Welch’s method computes an estimate of the power spectral density by dividing the data into overlapping segments, computing a modified periodogram for each segment and averaging the periodograms. [1] P. Welch, “The use of the fast Fourier transform for the estimation of power spectra: A method based on time averaging over short, modified periodograms”, IEEE Trans. Audio Electroacoust. vol. 15, pp. 70-73, 1967. [2] M.S. Bartlett, “Periodogram Analysis and Continuous Spectra”, Biometrika, vol. 37, pp. 1-16, 1950. [3] Rabiner, Lawrence R., and B. Gold. “Theory and Application of Digital Signal Processing” Prentice-Hall, pp. 414-419, 1975.

Parameters:
  • arr – KHIVA array with the time series.
  • coeff – The coefficient to be returned.
Returns:

KHIVA array containing the power spectrum of the different frequencies for each time series in arr.

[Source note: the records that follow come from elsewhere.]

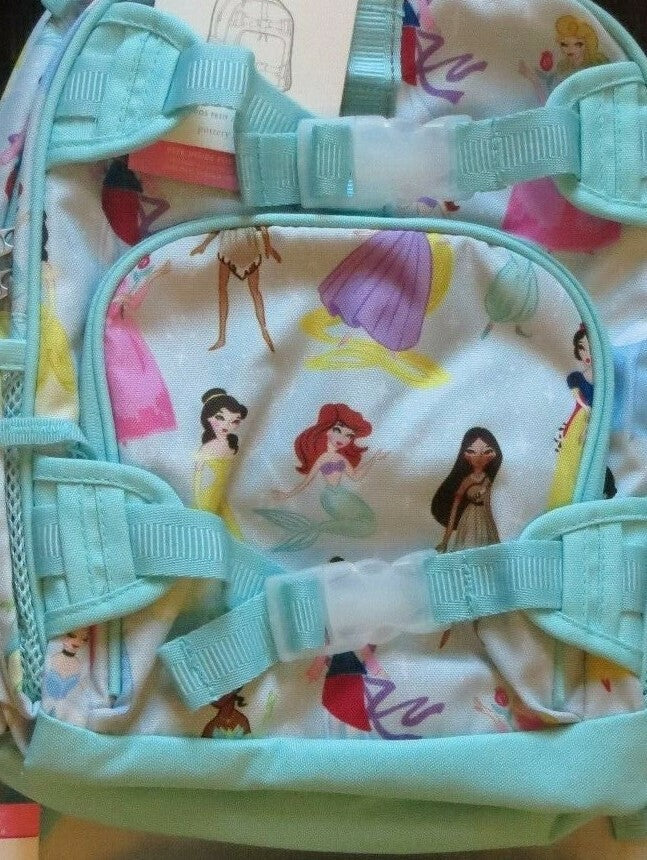 Disney School Pottery barn Backpack Travel Belle Cinderella Princess girl ?? .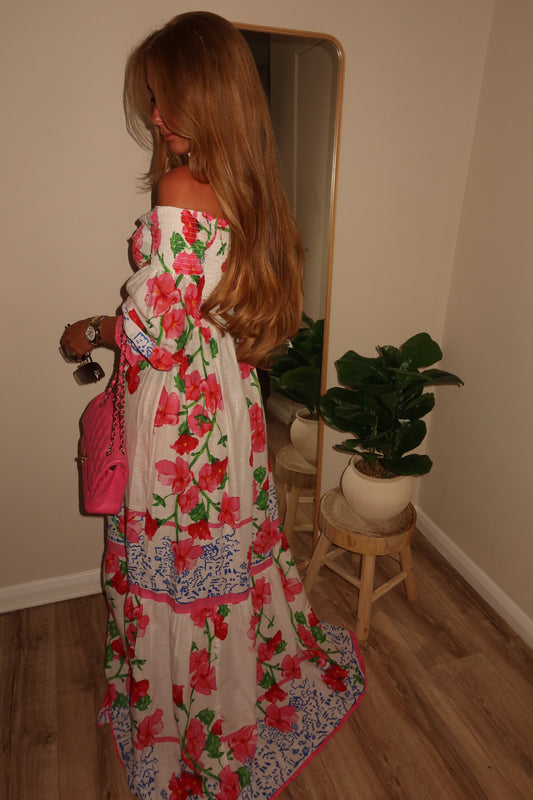 Ocean rose maxi dress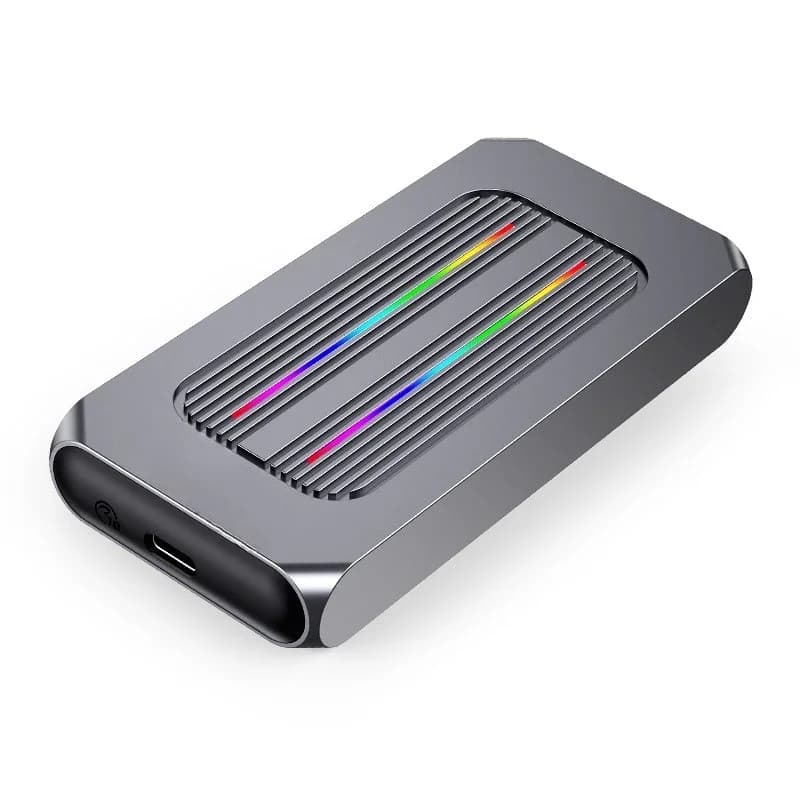 M.2 NVME hard disk box External Type-C interface Aluminum alloy mobile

khiva.features.standard_deviation(arr)

Calculates the standard deviation of each time series within tss.

Parameters:arr – KHIVA array with the time series.
Returns:KHIVA array with the standard deviation of each time series within tss.
khiva.features.sum_of_reoccurring_datapoints(arr, is_sorted=False)

Calculates the sum of all data points, that are present in the time series more than once.

Parameters:
  • arr – KHIVA array with the time series.
  • is_sorted – Indicates if the input time series is sorted or not. Defaults to false.
Returns:

KHIVA array with the sum of all data points, that are present in the time series more than once.

khiva.features.sum_of_reoccurring_values(arr, is_sorted=False)

Calculates the sum of all values, that are present in the time series more than once.

Parameters:
  • arr – KHIVA array with the time series.
  • is_sorted – Indicates if the input time series is sorted or not. Defaults to false.
Returns:

KHIVA array with the sum of all values, that are present in the time series more than once.

khiva.features.sum_values(arr)

Calculates the sum over the time series arr.

Parameters:
  • arr – KHIVA array with the time series.
  • is_sorted – Indicates if the input time series is sorted or not. Defaults to false.
Returns:

KHIVA array with the sum of values in each time series.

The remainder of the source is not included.